What are the challenges of adopting IaC?
1 | Complexity
Understanding an IaC configuration is easy if you have just a few resources, but what if you’re managing hundreds, or even thousands? Those with experience in a more traditional IT background and minimal coding experience may find that they need to shift their thinking when adopting IaC. To combat this cultural change, organisations can investigate using visualisation tools such as AWS CloudFormation or ofcourse Codeherent.
2 | Knowledge sharing
IaC experts are extremely valuable in a business but can inadvertently hoard information: sometimes expecting their colleagues to understand the work they are producing. Code may need to be reviewed for a variety of reasons such as to assess the potential impact on other related services or to check for potential security issues. This can be difficult in teams where only one or two individuals are comfortable with the IaC code. To combat these bottlenecks, try not to have single points of failure within teams. Encourage more members of the team to become comfortable with IaC or use tooling to make the review process easier.
3 | Culture
A common assumption people make when you start to talk about IaC is that it will create more risk because it encourages smaller, more frequent changes. In reality, risk is reduced because these smaller changes will be more consumable and understandable.
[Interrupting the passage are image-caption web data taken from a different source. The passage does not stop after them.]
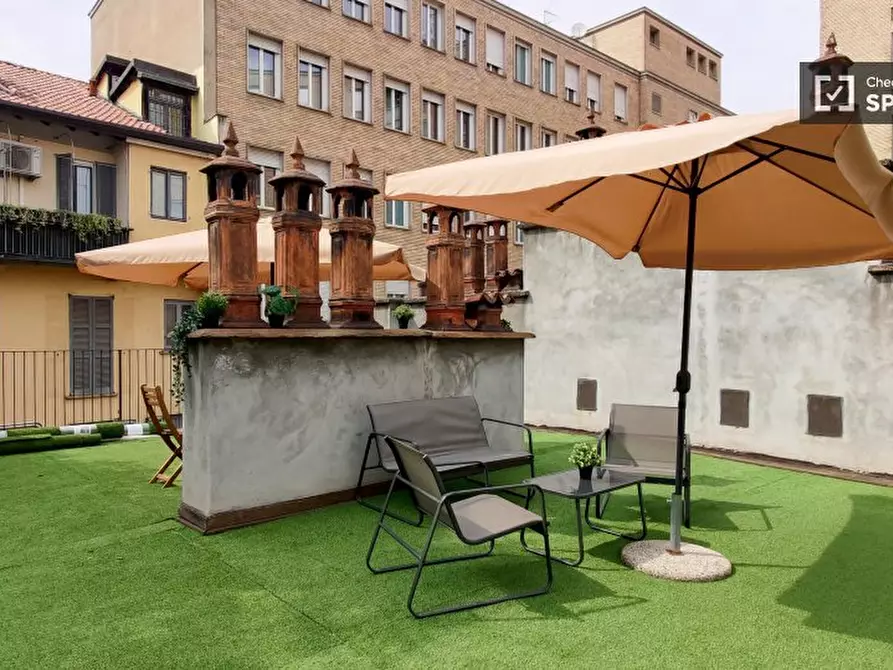 Immagine 6 di Camera condivisa in affitto  in Corso Venezia a Milano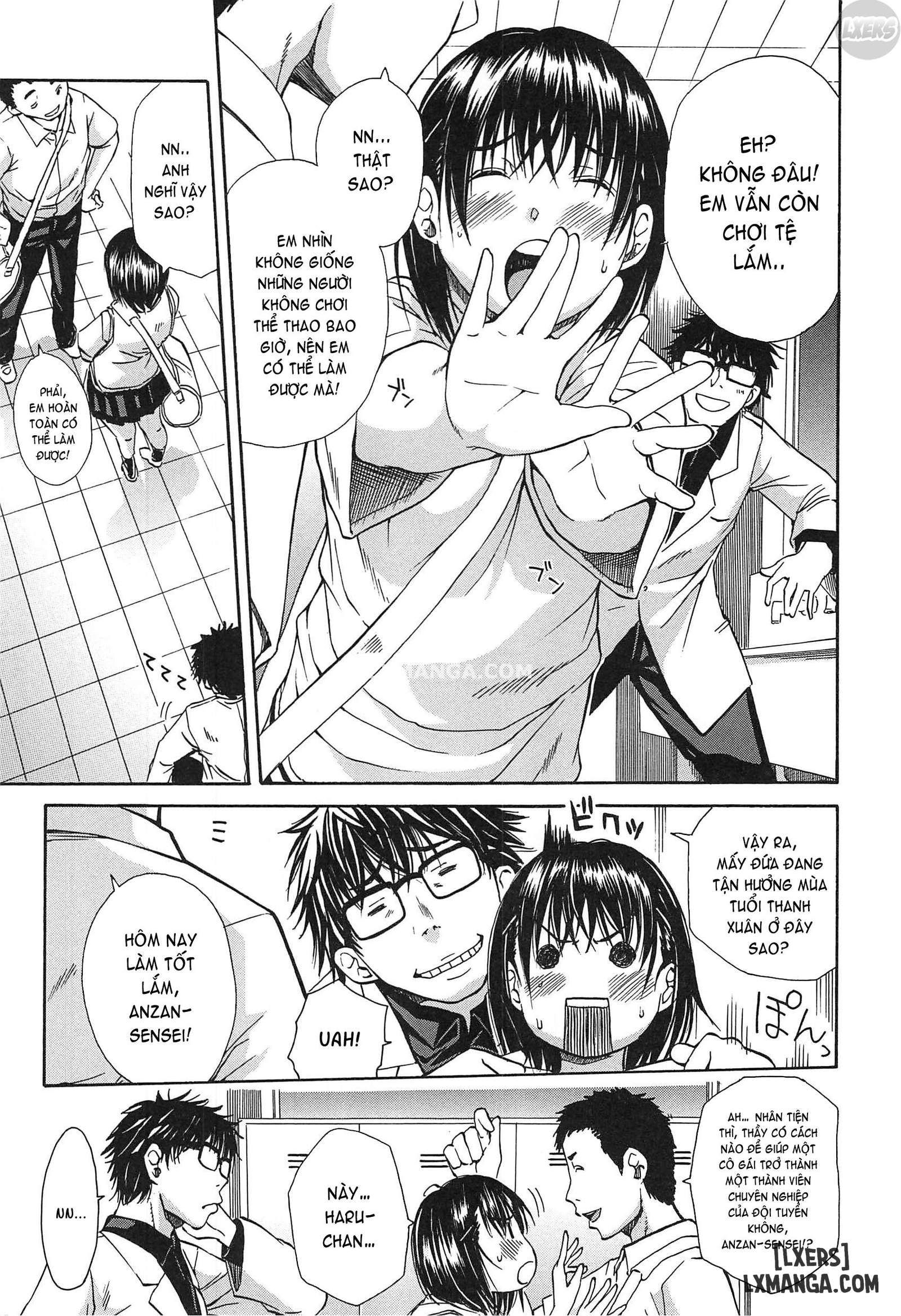 đọc truyện Midare Hajimeta Karada Chương 1 ảnh 11 tại Thiên Thai Truyện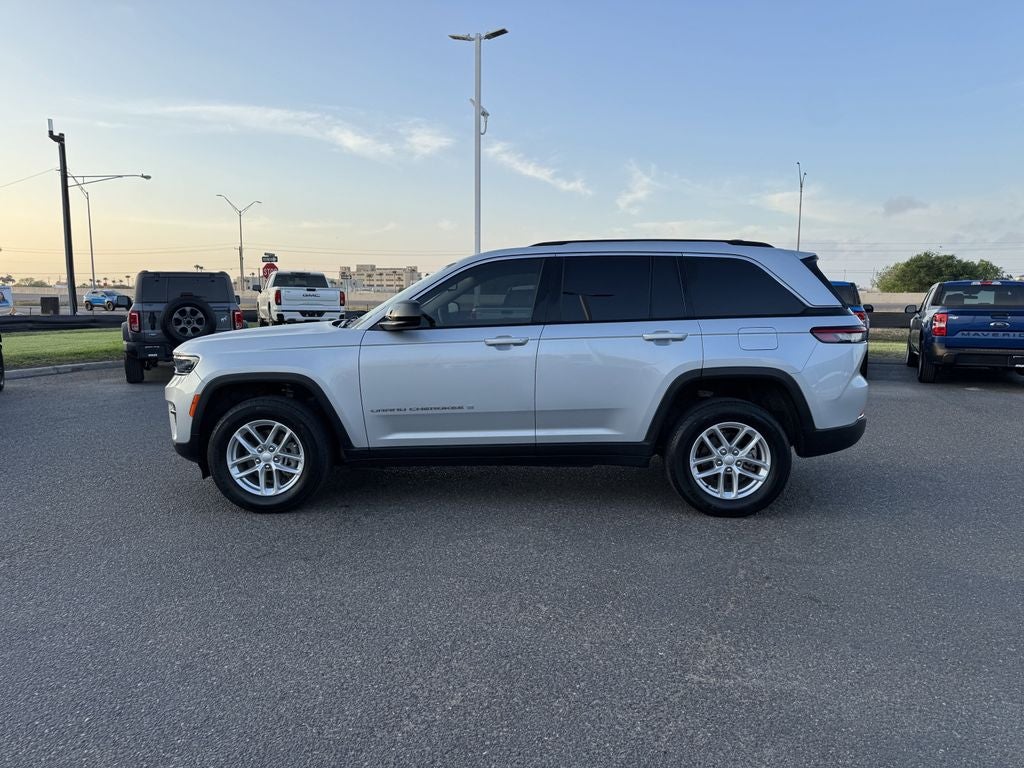 2023 Jeep Grand Cherokee Laredo X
This change in culture and process is often difficult for individuals in large enterprises where a strict change management process is so important. Demonstrating the benefits of the smaller, more frequent changes to these risk averse individuals is key to encouraging greater IaC adoption within these organisations.
What opportunities can IaC unlock?
If businesses do overcome these challenges, which is no small task, then they will unlock a huge range of opportunities and push their progress forward at greater pace.
1 | GitOps
GitOps is the idea that infrastructure configuration should be treated in the same way as application code i.e all changes should be versioned and continuous delivery pipelines used to automatically apply those changes. IaC is a key ingredient required for GitOps because the configuration code can be checked into a Git repository.
Furthermore, with GitOps, the teams creating and maintaining applications or microservices can also be responsible for their own infrastructure. All changes to infrastructure can happen alongside changes to applications – parallelisation leads to increased efficiency and performance.
2 | Increased automation
With infrastructure configurations checked into Git, changes can be automated using pipelines. This encourages small and frequent changes, rather than the large infrequent ones which are likely to cause problems.
3 | Machine learning
When you are using a declarative IaC tool, you define all of your infrastructure using highly structured code and this can be perfect for Machine Learning. Predictive analytics models can be built for a wide range of applications, from identifying potential security vulnerabilities to predicting costs.
Machine learning is a trend that continues to excite the technology landscape. Those who can see into the future, will win. IaC is the the perfect base on which to build machine learning models and this will allows businesses to be proactive in relation to their businesses intelligence data. IaC will no longer be about cloud and applications; it will be the foundation for the foresight on which all sorts of businesses decisions can be more confidently made.